**Information:**

········

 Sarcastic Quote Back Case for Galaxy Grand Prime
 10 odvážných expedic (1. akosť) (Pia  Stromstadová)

········

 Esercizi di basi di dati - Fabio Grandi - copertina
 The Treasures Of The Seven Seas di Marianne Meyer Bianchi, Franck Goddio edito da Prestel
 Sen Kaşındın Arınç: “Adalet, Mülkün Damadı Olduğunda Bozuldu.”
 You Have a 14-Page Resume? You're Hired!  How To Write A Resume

········

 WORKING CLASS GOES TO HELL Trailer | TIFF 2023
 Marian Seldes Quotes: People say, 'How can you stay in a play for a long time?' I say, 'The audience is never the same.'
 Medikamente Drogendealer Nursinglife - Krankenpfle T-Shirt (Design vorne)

········

**Work required:** The response should be the listing above, limited to the lines between the one holding "The Treasures Of" and the one holding "You Have a 14-Page", inclusive, reproduced exactly.

**Task result:**
 The Treasures Of The Seven Seas di Marianne Meyer Bianchi, Franck Goddio edito da Prestel
 Sen Kaşındın Arınç: “Adalet, Mülkün Damadı Olduğunda Bozuldu.”
 You Have a 14-Page Resume? You're Hired!  How To Write A Resume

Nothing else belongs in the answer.